Histograms and Percentiles

Timers and distribution summaries support collecting data to observe their percentile distributions. There are two main approaches to viewing percentiles:

  • Percentile histograms: Micrometer accumulates values to an underlying histogram and ships a predetermined set of buckets to the monitoring system. The monitoring system’s query language is responsible for calculating percentiles off of this histogram. Currently, only Prometheus, Atlas, and Wavefront support histogram-based percentile approximations, through histogram_quantile, :percentile, and hs(), respectively. If you target Prometheus, Atlas, or Wavefront, prefer this approach, since you can aggregate the histograms across dimensions (by summing the values of the buckets across a set of dimensions) and derive an aggregable percentile from the histogram.

  • Client-side percentiles: Micrometer computes a percentile approximation for each meter ID (set of name and tags) and ships the percentile value to the monitoring system. This is not as flexible as a percentile histogram because it is not possible to aggregate percentile approximations across tags. Nevertheless, it provides some level of insight into percentile distributions for monitoring systems that do not support server-side percentile calculation based on a histogram.

The following example builds a timer with a histogram:

Timer.builder("my.timer")
   .publishPercentiles(0.5, 0.95) // median and 95th percentile (1)
   .publishPercentileHistogram() (2)
   .serviceLevelObjectives(Duration.ofMillis(100)) (3)
   .minimumExpectedValue(Duration.ofMillis(1)) (4)
   .maximumExpectedValue(Duration.ofSeconds(10))
1 publishPercentiles: Used to publish percentile values computed in your application. These values are non-aggregable across dimensions.
2 publishPercentileHistogram: Used to publish a histogram suitable for computing aggregable (across dimensions) percentile approximations in Prometheus (by using histogram_quantile), Atlas (by using :percentile), and Wavefront (by using hs()).
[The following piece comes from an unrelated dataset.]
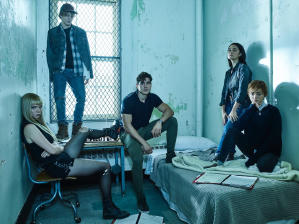 新異變人電影劇照13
For Prometheus and Atlas, the buckets in the resulting histogram are preset by Micrometer based on a generator that has been determined empirically by Netflix to yield a reasonable error bound on most real world timers and distribution summaries. By default, the generator yields 276 buckets, but Micrometer includes only those that are within the range set by minimumExpectedValue and maximumExpectedValue, inclusive. Micrometer clamps timers by default to a range of 1 millisecond to 1 minute, yielding 73 histogram buckets per timer dimension. publishPercentileHistogram has no effect on systems that do not support aggregable percentile approximations. No histogram is shipped for these systems.
3 serviceLevelObjectives: Used to publish a cumulative histogram with buckets defined by your SLOs. When used in concert with publishPercentileHistogram on a monitoring system that supports aggregable percentiles, this setting adds additional buckets to the published histogram. When used on a system that does not support aggregable percentiles, this setting causes a histogram to be published with only these buckets.
4 minimumExpectedValue/maximumExpectedValue: Controls the number of buckets shipped by publishPercentileHistogram and controls the accuracy and memory footprint of the underlying HdrHistogram structure.
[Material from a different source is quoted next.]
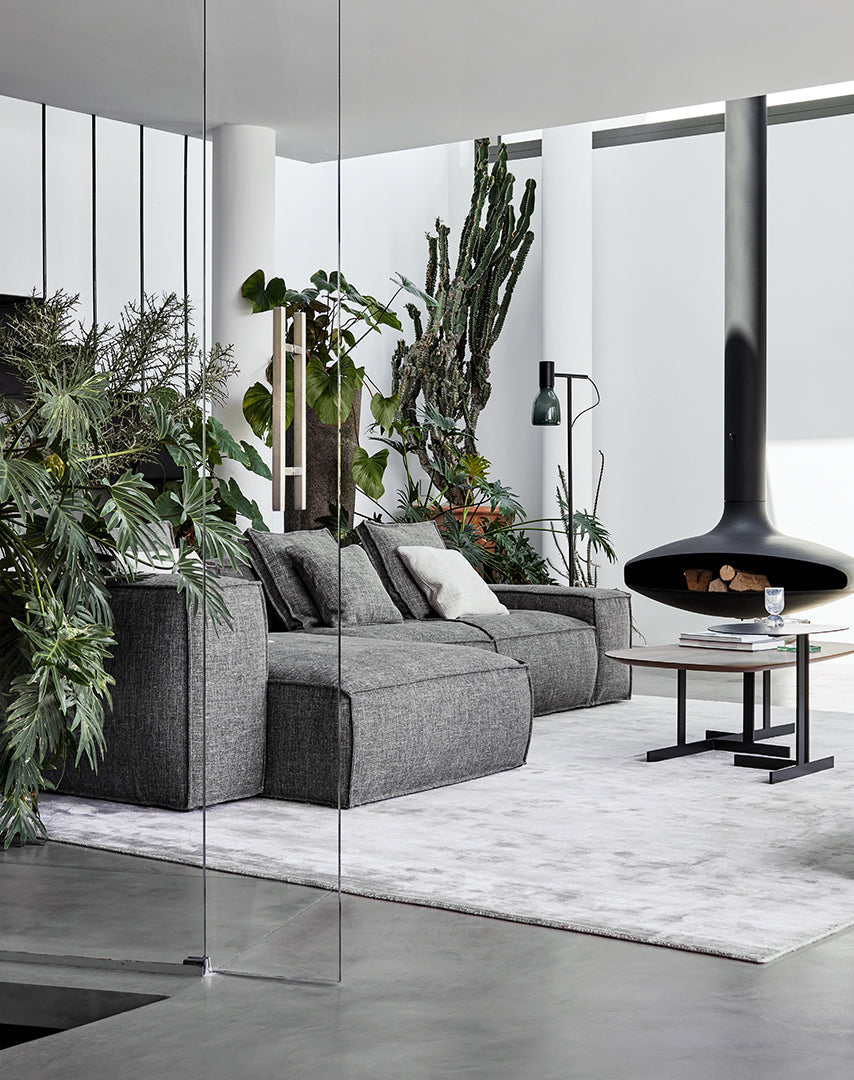 Canapé modulaire Peanut B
Since shipping percentiles to the monitoring system generates additional time series, it is generally preferable to not configure them in core libraries that are included as dependencies in applications. Instead, applications can turn on this behavior for some set of timers and distribution summaries by using a meter filter.
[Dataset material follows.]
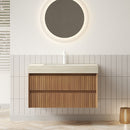 Tilley 36" Bathroom Vanity & Sink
For example, suppose we have a handful of timers in a common library. We have prefixed these timer names with myservice:

registry.timer("myservice.http.requests").record(..);
registry.timer("myservice.db.requests").record(..);

We can turn on client-side percentiles for both timers by using a meter filter:

registry.config().meterFilter(
    new MeterFilter() {
        @Override
        public DistributionStatisticConfig configure(Meter.Id id, DistributionStatisticConfig config) {
            if(id.getName().startsWith("myservice")) {
                return DistributionStatisticConfig.builder()
                    .percentiles(0.95)
                    .build()
                    .merge(config);
            }
            return config;
        }
    });